Pluto Sputnik Planitia
NASA's New Horizons spacecraft captured this image of Sputnik Planitia — a glacial expanse rich in nitrogen, carbon monoxide and methane ices — that forms the left lobe of a heart-shaped feature on Pluto’s surface. SwRI scientists studied the dwarf planet’s nitrogen and carbon monoxide composition to develop a new theory for its formation. NASA/Johns Hopkins University Applied Physics Laboratory/Southwest Research Institute

As the early days of our solar system were extremely chaotic, there have been varying theories regarding the formation of different planets and their moons. It is still impossible to delve into the exact history of each celestial body in our neighborhood, but a new study hints Pluto, the tiny body which was stripped of its planetary status and reclassified as a dwarf planet, might have one of the best origin stories on offer.

This is because, according to the new work led by scientists at Southwest Research Institute (SwRI), the dwarf planet came to be with the agglomeration of a billion comets at the edge of our solar system. The group posited this theory after running cosmological models using NASA’s New Horizons data on Pluto and findings of European Space Agency’s Rosetta mission on comet 67P/Churyumov–Gerasimenko.

“We’ve developed what we call ‘the giant comet’ cosmochemical model of Pluto formation,” Christopher Glein of SwRI’s Space Science and Engineering Division said in a statement.

With this, they found the nitrogen content in Sputnik Planitia, a large ice glacier located on the left side of the bright, heart-shaped feature on the surface of Pluto is similar to the composition expected from a mix of several 67P like comets.

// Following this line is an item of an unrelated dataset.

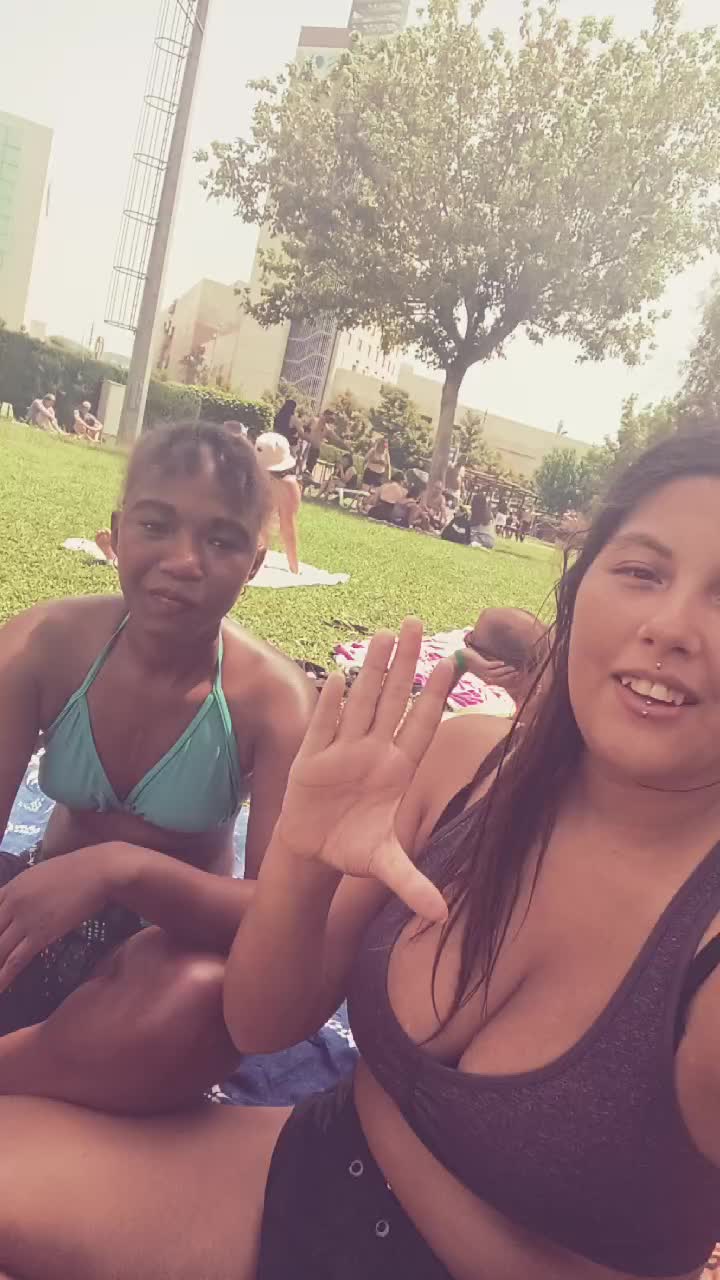 @Thuni&ntilde;as22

“We found an intriguing consistency between the estimated amount of nitrogen inside the glacier and the amount that would be expected if Pluto was formed by the agglomeration of roughly a billion comets or other Kuiper Belt objects similar in chemical composition to 67P, the comet explored by Rosetta,” Glein explained.

To estimate post-formation nitrogen content in the atmosphere (98 percent at present) and glaciers of Pluto, the researchers predicted how much of the gas could have leaked out into space over several billion years and reconciled with the proportion of carbon monoxide to nitrogen on the planet. As Glien said in the release, the low abundance of carbon monoxide suggested “Pluto’s initial chemical makeup, inherited from cometary building blocks, was chemically modified by liquid water, perhaps even in a subsurface ocean.”

The group also ran a solar model that suggested Pluto might have formed from very cold ices that would have had the same chemical composition as that of the sun, but nitrogen and carbon monoxide content in that particular model didn’t match as much as it did in the comet model.

The work builds on the success of New Horizons and Rosetta missions and hints at Pluto’s interesting origin and evolutionary story, but this is just the beginning and the results might change with time.

“Using chemistry as a detective’s tool, we are able to trace certain features we see on Pluto today to formation processes from long ago,” Glein concluded. “This leads to a new appreciation of the richness of Pluto’s ‘life story,’ which we are only starting to grasp.”

The study, titled “Primordial N2 provides a cosmochemical explanation for the existence of Sputnik Planitia, Pluto,” was published May 23 in the journal Icarus.